A city that is home to the world-renowned Mogao Grottoes in northwest China's Gansu Province is taking steps to halt increasing desertification.
The local government in Dunhuang, a county-level city, has launched a range of water-saving measures to try to tackle the problem.
Wang Zhijun, director of Dunhuang Water Administration Bureau, said the use of underground water supplies was being strictly monitored.
He added: "Any officials who give permission for opening-up wasteland and digging wells to take underground water will be removed."
The city was also promoting high-tech water-saving technologies in agricultural production and increasing the prices of water for urban residents and industries.
New irrigation technologies have already been introduced to 1,333 hectares of farmland, and a further 17,707 hectares will soon follow suit, said Zhao Junhua, vice-mayor of the city.

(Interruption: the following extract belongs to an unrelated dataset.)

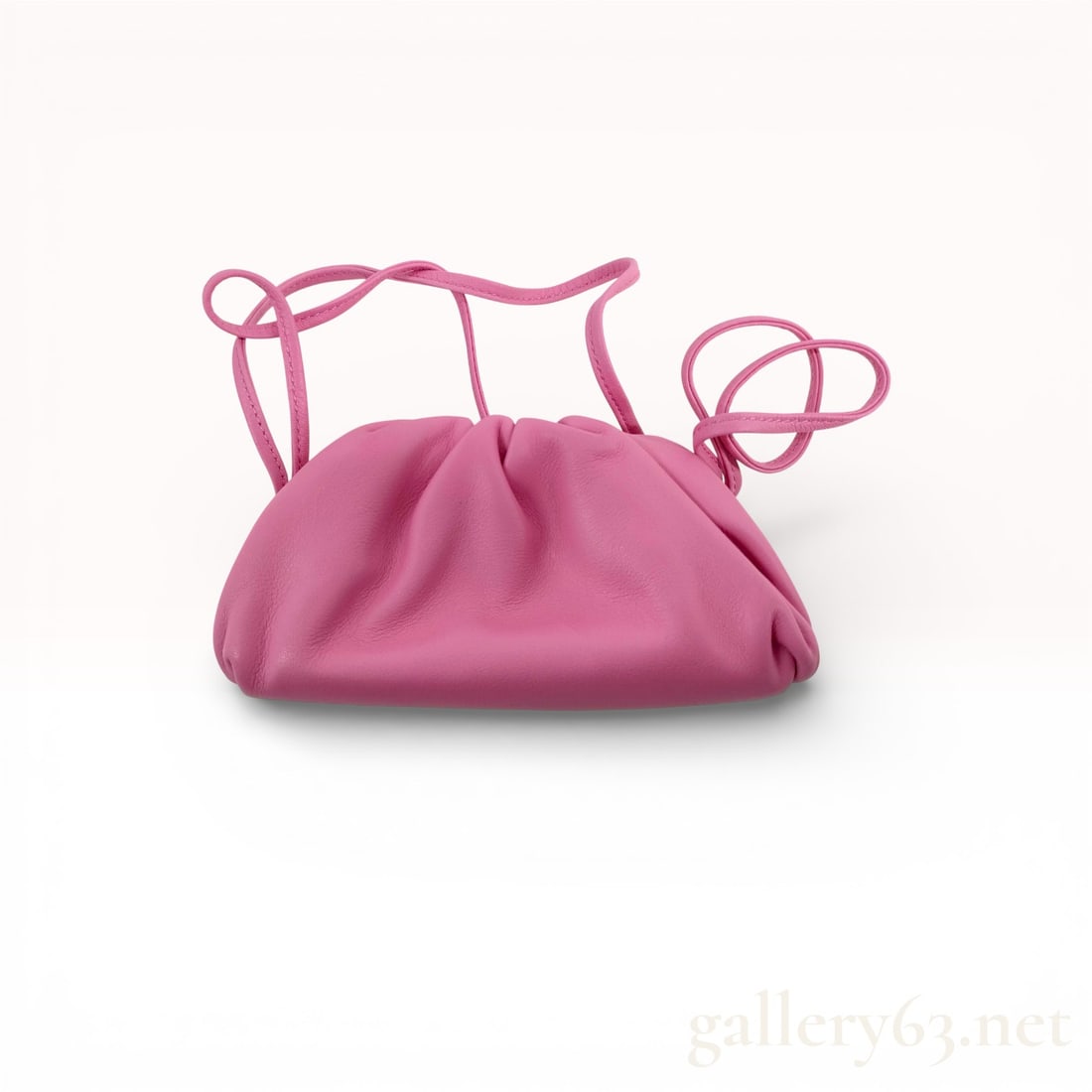 Bottega Veneta The Pouch Bubblegum Pink Butter Calfskin Leather Mini Clutch with Shoulder Strap (1 of 10)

"The water for agricultural irrigation will be monitored and people overusing water will be charged more for it," Wang said.
Earlier this year, six local water administrative officials were sacked because of their "dereliction in water administration and management," he added.

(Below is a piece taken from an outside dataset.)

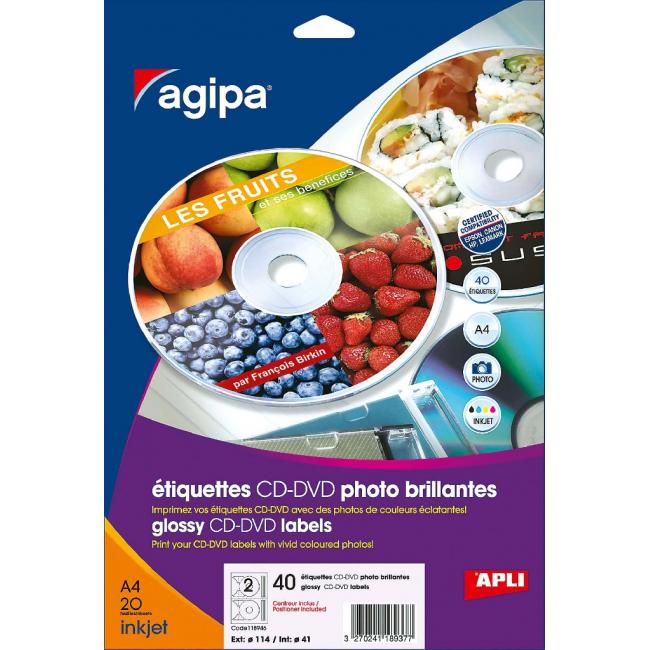 Universal-Etiketten für CD/DVD-Durchmesser 114 mm, Agipa, 100 Blatt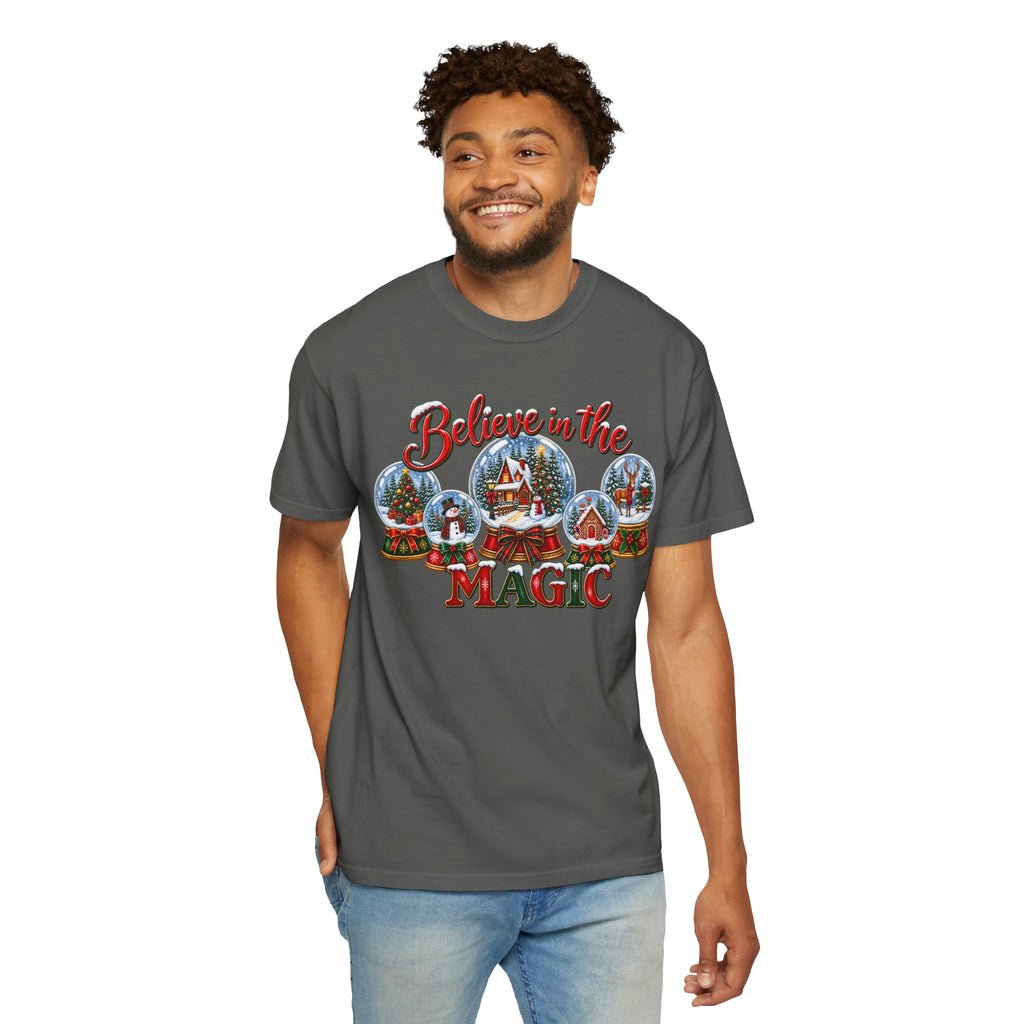 Comfort Colors Believe in the Magic Snow Globe Christmas T-shirt | Holiday Santa Village Design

Dunhuang, located at the far western end of the Hexi Corridor in Gansu Province, is an oasis surrounded by desert. The total area of Dunhuang is 31,200 square kilometers, but only 1,400 square kilometers have habitable living conditions, according to Yang Juncang, a senior engineer at Gansu Provincial Geology Environment Monitoring Institute.
With an annual average of 39.9 millimeters of rain and 2,486 millimeters of annual transpiration, Dunhuang is an extremely arid city. And water shortages are being made worse by increases in population and production, Yang added.
According to local official sources, the population of the city increased from 40,000 in 1950 to 188,000 in 2005, and the area of developed farmland rose from 8,933 hectares to 23,667 hectares over the same period. As a result, the annual water requirement increased from 219.2 million cubic meters to 318 million cubic meters for irrigation, and 259,000 cubic meters to 1.18 million cubic meters for household use.
As the city could not get enough water from its two resource rivers to meet rising demand, it had to take more water from underground sources.
It has led to the underground water level dropping more than 10 meters in the past 30 years, said Zhai Fulin, deputy secretary of the city's Chinese Communist Party committee.
A project, which was designed by experts locally and in Beijing in 2004, to send water from the nearby Ha'erteng River to Danghe River, one of Dunhuang's water resource rivers, should improve things.
It will provide 84 million-100 million cubic meters of water for the city, which will help fight against the desertification threat, said Yang.
The project is still waiting for approval from relevant authorities.
"It is far from enough to try to solve the water shortage problem only with efforts in the city itself Dunhuang is in urgent need to get water from other places," Yang said.
China Daily reported earlier this year how intensified desertification caused by water shortages in the area has also harmed the preservation of the Mogao Grottoes in recent years.